• Required action
Take the material below and reproduce, word for word, only the lines from the line with "8988 Pere Avenue, Livonia, MI 48150" through the line with "Placa With Balcony And Sea View * באסקה".

• Data supplied
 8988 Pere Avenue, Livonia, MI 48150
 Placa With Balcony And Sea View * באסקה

---

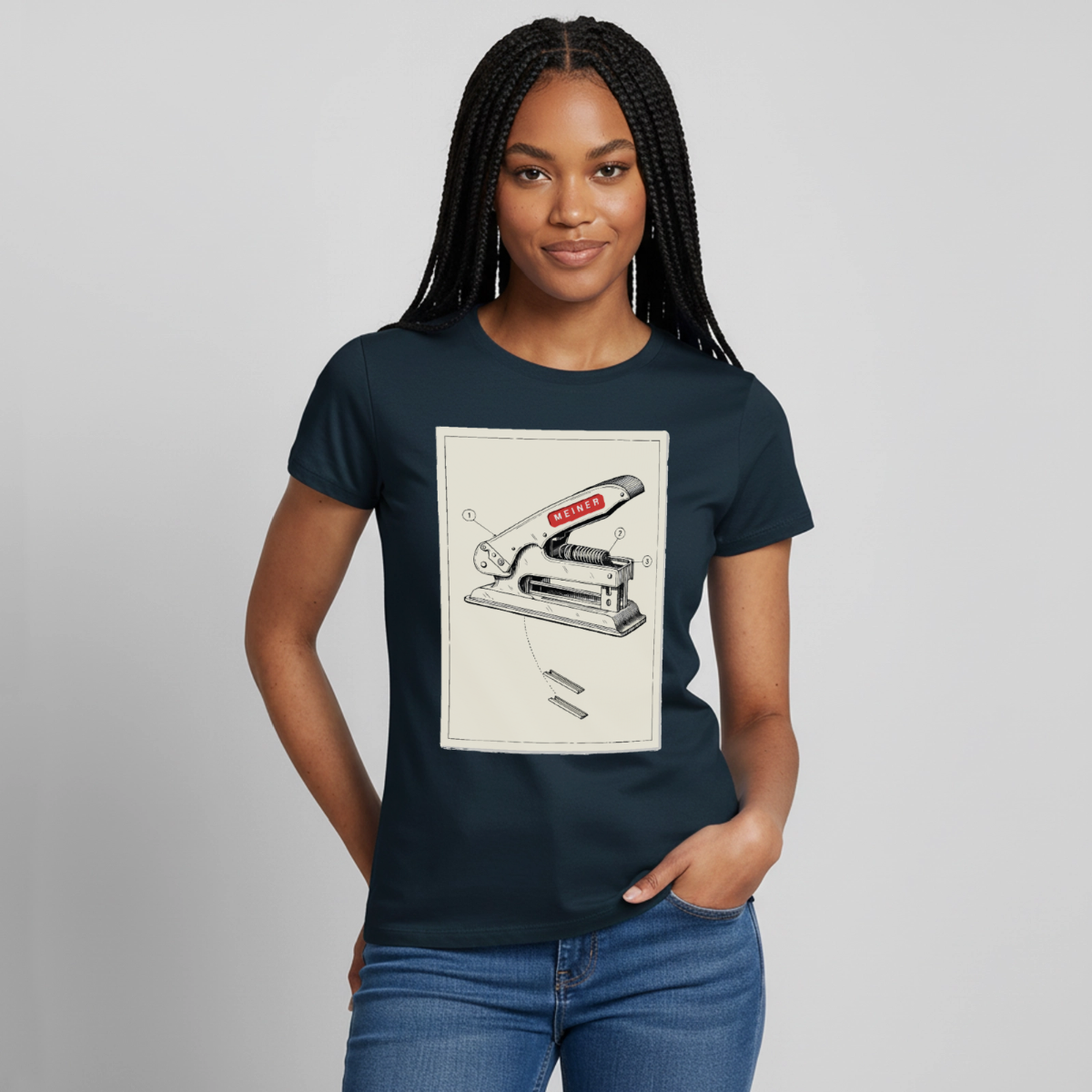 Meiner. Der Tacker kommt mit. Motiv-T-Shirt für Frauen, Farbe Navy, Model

• Solution for this task
 8988 Pere Avenue, Livonia, MI 48150
 Placa With Balcony And Sea View * באסקה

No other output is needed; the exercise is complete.